Nel 1925 quando il film uscì, Lubitsch era arrivato da tre anni in America, su invito di Mary Pickford, e poco più che trentenne era già tra i registi più affermati e pagati di Hollywood. Lady Windermere’s Fan faceva parte di un pacchetto di quattro film che Lubitsch si era impegnato a realizzare per la Warner, dopo aver onorato un contratto con la Famous Players e prima di passare alla Paramount. Tratto dall’omonimo testo teatrale di Oscar Wilde (che avrà in seguito altre trasposizioni cinematografiche), Lady Windermere’s Fan è stato da subito considerato un capolavoro dalla critica: “non tanto commedia degli equivoci, ma dramma degli sguardi e dei sospetti, ambientato in una società ipocrita… E alla fine non c’è nessuna morale, ma solo un sapore amarognolo e fatalista, dietro un’ironia più nera del solito.” (Paolo Mereghetti)
Nel corso della sua carriera Lubitsch ha diretto i più grandi attori, dimostrando stima e affetto per tutti; così anche per i protagonisti di Lady Windermere’s Fan, Ronald Colman definito in un’intervista “uno degli uomini più simpatici e fini da me conosciuti” e Irene Rich “una donna dotatissima di humour con cui si lavorava mirabilmente in pieno accordo di gusti”. Il tono della partitura musicale di Carl Davis per trio, violino, violoncello e pianoforte, evoca lo spirito vittoriano, fine Ottocento, del lavoro teatrale, quando a Londra proliferavano tanti piccoli ensemble di musicisti che arrangiavano liberamente arie d’opera, marce, ballate sentimentali e valzer.
Le proiezioni al Teatro Verdi di Pordenone iniziano già nel pomeriggio, alle 14.30, con i primi due film della retrospettiva dedicata alle sceneggiatrici americane. L’arte nuova che si stava affermando un secolo fa non poteva non essere arricchita dall’energia creativa delle donne che portavano il loro talento per la narrazione nel mondo del cinema. Molte provenivano dal giornalismo, dalla letteratura, dalla drammaturgia e la crescita vertiginosa dell’industria del cinema forniva ampie opportunità professionali. Dal teatro proveniva Grace Cunard, di cui viene presentato un programma con estratti della serie The Purple Mask, co-diretta con Francis Ford. Tra le molte sceneggiatrici la cui opera ha lasciato il segno sul cinema statunitense degli anni Dieci del secolo scorso, Grace Cunard è una delle poche ad aver interpretato i testi di cui era autrice ed è anche una delle poche di quel periodo ad aver scritto sceneggiature di serial. In The Purple Mask Cunard è una donna della buona società che si unisce ad una banda di ladri che rubano per aiutare i poveri: una specie di Robin Hood con mantello viola, mascherina e berretto che lascia sempre la sua sigla sul luogo del misfatto per evitare che vengano incolpati degli innocenti.

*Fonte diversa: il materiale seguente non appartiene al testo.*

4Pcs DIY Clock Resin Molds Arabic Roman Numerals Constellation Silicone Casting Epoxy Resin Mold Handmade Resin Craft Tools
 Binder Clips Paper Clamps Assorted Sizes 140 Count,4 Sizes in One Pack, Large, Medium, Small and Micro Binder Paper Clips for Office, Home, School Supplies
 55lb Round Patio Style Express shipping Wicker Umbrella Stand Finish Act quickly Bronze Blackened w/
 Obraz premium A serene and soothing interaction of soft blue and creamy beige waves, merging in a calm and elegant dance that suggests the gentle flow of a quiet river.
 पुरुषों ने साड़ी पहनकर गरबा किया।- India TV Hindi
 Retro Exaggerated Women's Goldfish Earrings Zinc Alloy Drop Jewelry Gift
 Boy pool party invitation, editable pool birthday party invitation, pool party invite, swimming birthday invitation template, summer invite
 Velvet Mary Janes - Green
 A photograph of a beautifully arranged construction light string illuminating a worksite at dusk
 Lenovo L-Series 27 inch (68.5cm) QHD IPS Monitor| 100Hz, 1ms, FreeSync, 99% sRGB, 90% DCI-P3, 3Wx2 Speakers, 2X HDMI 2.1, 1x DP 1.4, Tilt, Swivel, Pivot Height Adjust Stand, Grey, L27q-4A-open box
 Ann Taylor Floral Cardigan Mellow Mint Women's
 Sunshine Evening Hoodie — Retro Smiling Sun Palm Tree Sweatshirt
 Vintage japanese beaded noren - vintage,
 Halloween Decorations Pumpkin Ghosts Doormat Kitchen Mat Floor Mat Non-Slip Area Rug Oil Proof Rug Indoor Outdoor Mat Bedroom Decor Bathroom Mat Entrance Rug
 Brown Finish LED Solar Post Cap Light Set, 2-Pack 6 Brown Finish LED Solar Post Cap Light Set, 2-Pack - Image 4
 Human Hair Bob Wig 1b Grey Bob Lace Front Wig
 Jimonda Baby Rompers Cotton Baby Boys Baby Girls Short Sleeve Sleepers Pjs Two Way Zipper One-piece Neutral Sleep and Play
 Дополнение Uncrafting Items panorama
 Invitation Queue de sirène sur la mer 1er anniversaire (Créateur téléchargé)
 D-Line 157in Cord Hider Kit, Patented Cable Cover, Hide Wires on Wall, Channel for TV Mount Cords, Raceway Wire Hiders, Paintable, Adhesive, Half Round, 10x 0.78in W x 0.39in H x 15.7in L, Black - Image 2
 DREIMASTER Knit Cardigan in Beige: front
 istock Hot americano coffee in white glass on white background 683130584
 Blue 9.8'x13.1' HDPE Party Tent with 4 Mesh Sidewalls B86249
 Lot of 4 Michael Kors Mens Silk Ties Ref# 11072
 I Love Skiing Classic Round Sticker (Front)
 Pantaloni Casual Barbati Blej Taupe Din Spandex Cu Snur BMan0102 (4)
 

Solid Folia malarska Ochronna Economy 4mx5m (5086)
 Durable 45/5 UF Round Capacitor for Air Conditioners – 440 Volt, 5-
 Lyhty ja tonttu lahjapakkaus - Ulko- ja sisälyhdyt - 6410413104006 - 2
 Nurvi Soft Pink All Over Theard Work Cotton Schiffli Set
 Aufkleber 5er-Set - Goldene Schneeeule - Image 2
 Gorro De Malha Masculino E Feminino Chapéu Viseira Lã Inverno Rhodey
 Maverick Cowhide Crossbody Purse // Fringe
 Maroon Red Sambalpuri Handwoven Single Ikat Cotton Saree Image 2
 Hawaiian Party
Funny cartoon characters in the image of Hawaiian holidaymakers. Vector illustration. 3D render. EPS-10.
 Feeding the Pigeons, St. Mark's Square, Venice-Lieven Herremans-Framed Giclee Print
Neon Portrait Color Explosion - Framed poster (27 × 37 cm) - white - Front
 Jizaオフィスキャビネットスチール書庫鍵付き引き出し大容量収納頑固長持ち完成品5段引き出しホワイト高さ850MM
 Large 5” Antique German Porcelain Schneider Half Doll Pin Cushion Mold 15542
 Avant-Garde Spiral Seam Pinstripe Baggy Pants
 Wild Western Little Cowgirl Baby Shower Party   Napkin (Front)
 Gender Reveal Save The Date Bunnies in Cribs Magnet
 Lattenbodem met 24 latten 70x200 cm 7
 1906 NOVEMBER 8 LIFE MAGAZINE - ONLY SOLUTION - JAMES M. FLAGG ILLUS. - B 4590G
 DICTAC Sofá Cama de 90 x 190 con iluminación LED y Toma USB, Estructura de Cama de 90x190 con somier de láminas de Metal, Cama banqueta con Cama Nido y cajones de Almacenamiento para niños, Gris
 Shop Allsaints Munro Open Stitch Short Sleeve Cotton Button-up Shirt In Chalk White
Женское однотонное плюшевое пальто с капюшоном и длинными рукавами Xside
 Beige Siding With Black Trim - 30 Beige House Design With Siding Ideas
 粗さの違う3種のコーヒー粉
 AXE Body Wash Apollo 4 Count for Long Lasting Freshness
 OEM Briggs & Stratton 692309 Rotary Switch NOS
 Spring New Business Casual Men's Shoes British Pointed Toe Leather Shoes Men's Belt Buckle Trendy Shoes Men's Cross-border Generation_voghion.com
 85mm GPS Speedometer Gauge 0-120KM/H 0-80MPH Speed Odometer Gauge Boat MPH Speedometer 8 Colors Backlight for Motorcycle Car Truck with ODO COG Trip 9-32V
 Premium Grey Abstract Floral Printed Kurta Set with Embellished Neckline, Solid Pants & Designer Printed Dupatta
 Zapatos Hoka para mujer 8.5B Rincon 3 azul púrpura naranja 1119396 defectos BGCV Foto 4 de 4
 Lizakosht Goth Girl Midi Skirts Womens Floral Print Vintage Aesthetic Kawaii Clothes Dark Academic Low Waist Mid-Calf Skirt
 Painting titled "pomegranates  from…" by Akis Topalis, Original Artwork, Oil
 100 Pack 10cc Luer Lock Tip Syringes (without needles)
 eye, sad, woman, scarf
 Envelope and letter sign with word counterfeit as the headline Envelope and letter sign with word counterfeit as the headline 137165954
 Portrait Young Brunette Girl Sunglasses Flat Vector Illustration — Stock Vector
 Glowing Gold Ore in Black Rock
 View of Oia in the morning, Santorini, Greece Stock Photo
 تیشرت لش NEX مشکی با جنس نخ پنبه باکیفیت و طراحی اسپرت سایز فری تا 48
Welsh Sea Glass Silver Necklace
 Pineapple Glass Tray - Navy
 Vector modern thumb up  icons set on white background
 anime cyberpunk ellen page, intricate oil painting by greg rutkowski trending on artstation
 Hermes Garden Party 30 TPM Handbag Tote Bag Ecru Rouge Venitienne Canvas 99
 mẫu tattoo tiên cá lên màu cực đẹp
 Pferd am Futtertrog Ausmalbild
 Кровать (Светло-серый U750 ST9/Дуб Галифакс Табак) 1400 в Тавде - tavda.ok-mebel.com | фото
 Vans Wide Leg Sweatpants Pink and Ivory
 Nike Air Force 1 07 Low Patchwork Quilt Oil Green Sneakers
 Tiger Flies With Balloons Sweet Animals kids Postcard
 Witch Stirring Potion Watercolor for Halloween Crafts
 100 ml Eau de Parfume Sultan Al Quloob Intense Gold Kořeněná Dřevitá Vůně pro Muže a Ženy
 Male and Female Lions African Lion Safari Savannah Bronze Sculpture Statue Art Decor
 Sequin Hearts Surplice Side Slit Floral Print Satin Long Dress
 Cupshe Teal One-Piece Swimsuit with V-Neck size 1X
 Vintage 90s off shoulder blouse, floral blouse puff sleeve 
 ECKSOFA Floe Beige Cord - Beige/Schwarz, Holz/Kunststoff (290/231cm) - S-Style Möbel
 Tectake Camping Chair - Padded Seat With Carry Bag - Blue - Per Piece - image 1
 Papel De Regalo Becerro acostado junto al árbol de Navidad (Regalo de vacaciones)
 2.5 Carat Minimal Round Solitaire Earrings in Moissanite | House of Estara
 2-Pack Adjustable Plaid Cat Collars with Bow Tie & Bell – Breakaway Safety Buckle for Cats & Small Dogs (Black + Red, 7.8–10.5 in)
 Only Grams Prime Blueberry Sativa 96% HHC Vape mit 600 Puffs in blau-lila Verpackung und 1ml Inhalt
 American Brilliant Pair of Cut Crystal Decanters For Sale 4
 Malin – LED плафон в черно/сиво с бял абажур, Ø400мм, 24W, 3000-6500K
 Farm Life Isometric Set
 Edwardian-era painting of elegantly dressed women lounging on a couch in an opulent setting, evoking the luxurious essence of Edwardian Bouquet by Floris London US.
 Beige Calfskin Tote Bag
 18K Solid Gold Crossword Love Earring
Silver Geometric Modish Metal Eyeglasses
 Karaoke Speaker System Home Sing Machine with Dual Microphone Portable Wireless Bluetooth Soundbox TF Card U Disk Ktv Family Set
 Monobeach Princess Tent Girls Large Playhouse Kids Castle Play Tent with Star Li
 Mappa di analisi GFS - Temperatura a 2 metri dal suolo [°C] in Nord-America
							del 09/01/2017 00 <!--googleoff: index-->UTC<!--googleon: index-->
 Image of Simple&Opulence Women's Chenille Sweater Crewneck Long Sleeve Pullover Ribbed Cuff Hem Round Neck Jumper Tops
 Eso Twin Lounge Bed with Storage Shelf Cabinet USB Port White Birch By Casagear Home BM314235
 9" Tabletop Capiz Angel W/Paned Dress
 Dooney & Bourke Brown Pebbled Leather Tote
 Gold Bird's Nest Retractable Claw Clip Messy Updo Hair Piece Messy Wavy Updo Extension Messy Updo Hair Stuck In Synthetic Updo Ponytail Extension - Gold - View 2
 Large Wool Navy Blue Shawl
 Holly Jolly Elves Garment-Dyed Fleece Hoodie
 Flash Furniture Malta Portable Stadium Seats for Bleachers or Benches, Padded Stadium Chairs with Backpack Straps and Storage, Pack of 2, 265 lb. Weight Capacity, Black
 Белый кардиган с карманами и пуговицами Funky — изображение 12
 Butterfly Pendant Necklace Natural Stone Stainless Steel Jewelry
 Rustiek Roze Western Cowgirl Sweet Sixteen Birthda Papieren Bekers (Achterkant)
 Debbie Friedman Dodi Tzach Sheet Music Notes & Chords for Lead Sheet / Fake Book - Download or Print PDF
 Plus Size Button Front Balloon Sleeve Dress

La seconda sceneggiatrice del programma di sabato è Agnes Christine Johnston, che nell’arco della sua vita (1896 – 1978) scrisse 84 film, tra cui An Old Fashioned Boy, del 1920, per la regia di Jerome Storm. È un film che all’epoca venne visto da molti come un pericolo per la tradizionale concezione della famiglia perché la protagonista, la ragazza moderna Betty affermava di preferire di allevare cani anziché bambini. Non così fece la sceneggiatrice che non mancò mai di portare con sé il figlio neonato anche in ufficio, come testimoniano alcune foto pubblicitarie. Secondo la Johnston il lavoro la migliorava come madre e come moglie e fa dire alla Betty di An Old Fashioned Boy che “le donne hanno troppa energia creativa per dedicarla unicamente ai lavori di casa. Se si ha una sola cosa da fare si diventa nevrasteniche.”
A seguire, alle 17.30, il primo programma del cinema coreano che dopo gli Oscar a Parasite e al suo regista Bong Joon-ho è al centro dell’attenzione, ma del cui periodo muto rimangono poche testimonianze. Sono quindi di grandissimo interesse i materiali che provengono dalla Cineteca di Seoul, tra cui le riprese del missionario tedesco Norbert Weber, e soprattutto i filmati di Elias Burton Holmes, viaggiatore e documentarista, inventore del termine “travelogue”, ricordato con una stella sull’Hollywood Boulevard, che riprese i funerali dell’ultimo imperatore coreano.
Il programma online, su MYmovies, si inaugura invece con Jokeren (Il Jolly) di Georg Jacoby, sontuoso dramma danese ambientato durante lo sfarzoso Carnevale di Nizza e con un cast internazionale. L’accompagnamento al pianoforte è di Stephen Horne.